Plus, high quality debug info should still be able to show you inlined "stack frames," which further reduces the need for actually generating code for them.

1 Like

I think we have to differentiate debug builds. If we just want to run cargo check or rust analyzer, then we want the fastest possible compilation times. If we have to do runtime debugging, then we (I, at least) want the best possible performance while retaining the ability to debug the program painlessly. Rust doesn't offer the latter, at the moment.

Some programs are practically impossible to debug at runtime without inlining (hint: ever tried chaining 20+ iterator methods and running it in debug mode?) and applying too many optimizations makes debugging impractical for other reasons.

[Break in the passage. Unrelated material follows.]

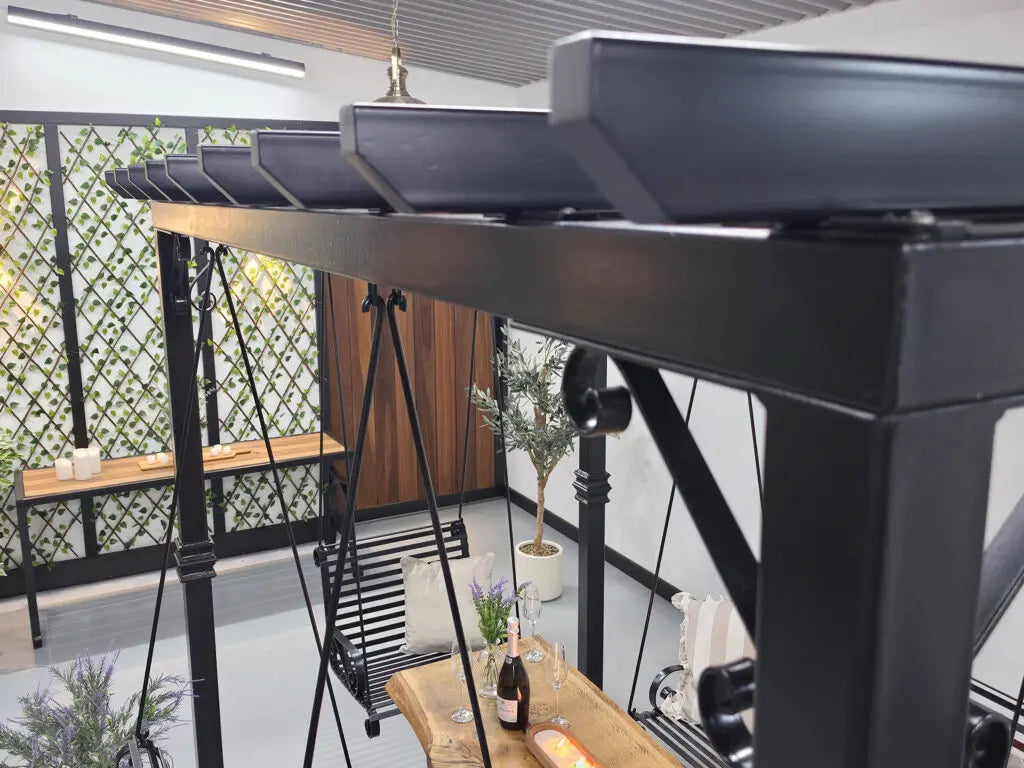 Bespoke Galvanised Steel Garden Pergola with Swing Seating & IPE Hardwood Table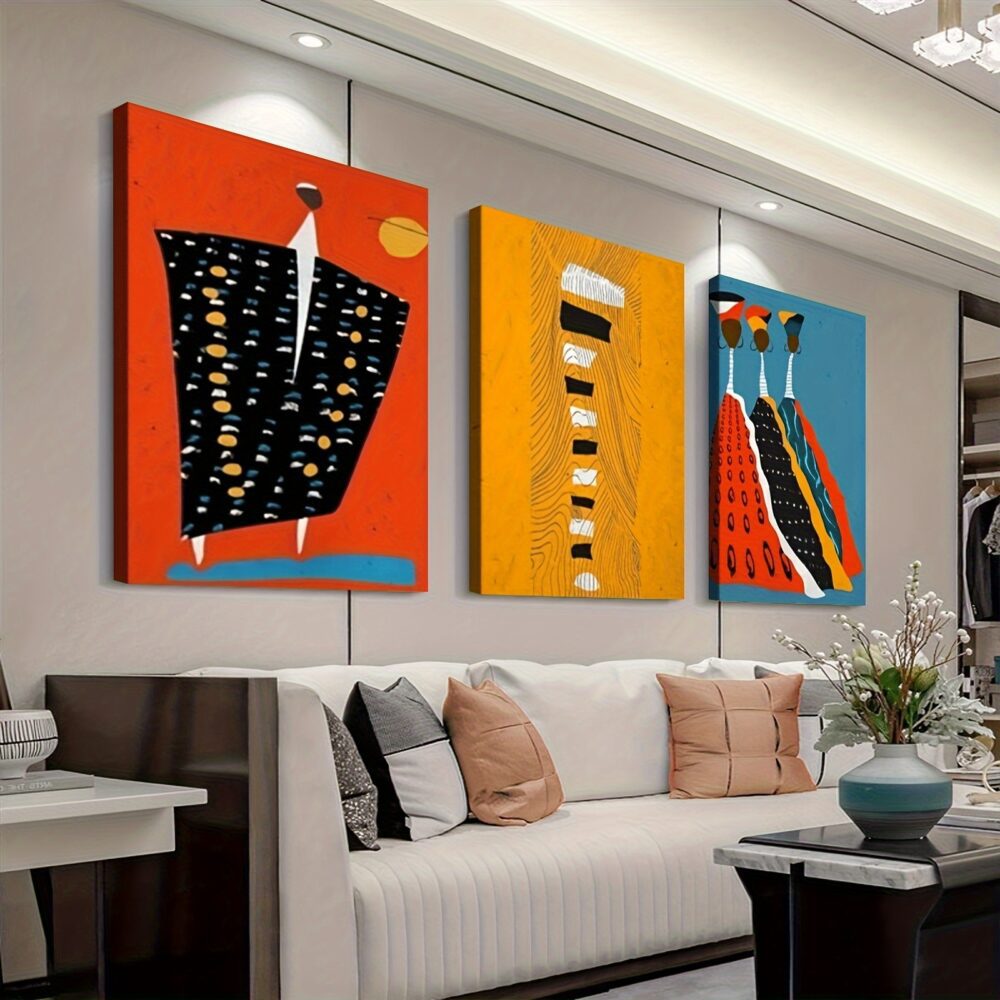 3pcs Vibrant Afro Boho Portrait Canvas Set – African American Art in Black, Yellow, Orange & Blue - Image 7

This is wanted for the embedded use case as well. Debug builds are not basically not possible in the ecosystem mainly due to code size (though also speed), which is annoying but also dangerous because unless decent tests are written, debug asserts and such are unrunnable.


In the meantime, wouldn't enabling optimizations for debug builds help in that use case? It's not free because it's paid for with additional compile times, but so would this proposal.


The debug profile with debug assertions can be as optimized as the release profile, and the release profile can have debug info. You can mix and match all options in [profiles.*].

You can have e.g. debug = true + debug-assertions = true + opt-level=z.

What Rust doesn't expose yet is opt-level=g that is like opt-level=2, but without a few optimizations that reduce precision of debug info.


I also support the use of inlining things like iterators to zero-cost abstractions. Currently, I'm trying to debug memory management code, but this is made impossible to do because I get stuck in all the extra debugging noise (and it doesn't help that when running in QEMU I seem to get stack frame corruption, and I certainly didn't write any code that corrupts the stack frame in any way, and none of my deps do either). So my main project is in limbo because its practically impossible to debug because the code is just too noisy.

Set [profile.dev] opt-level=1, it enables inlining in debug mode.

That's actually not the case:

-C inline-threshold

This option lets you set the default threshold for inlining a function. It takes an unsigned integer as a value. Inlining is based on a cost model, where a higher threshold will allow more inlining.

The default depends on the opt-level:

opt-level Threshold
0 N/A, only inlines always-inline functions
1 N/A, only inlines always-inline functions and LLVM lifetime intrinsics
2 225
3 275
s 75
z 25

Interestingly, setting a custom -C inline-threshold=0 still enables some inlining. I've seen some reasonable improvements in debug runtime speed in personal projects just by setting an inline threshold of 25.


I haven't looked at the implementation of the inlining cost function in llvm but that would make sense if less assembly instructions are emitted at the call site if the function is inlined. That could easily be the case for very small functions.


Note that in the case of cargo check the code isn't translated anyway, so the optimization level you set doesn't matter.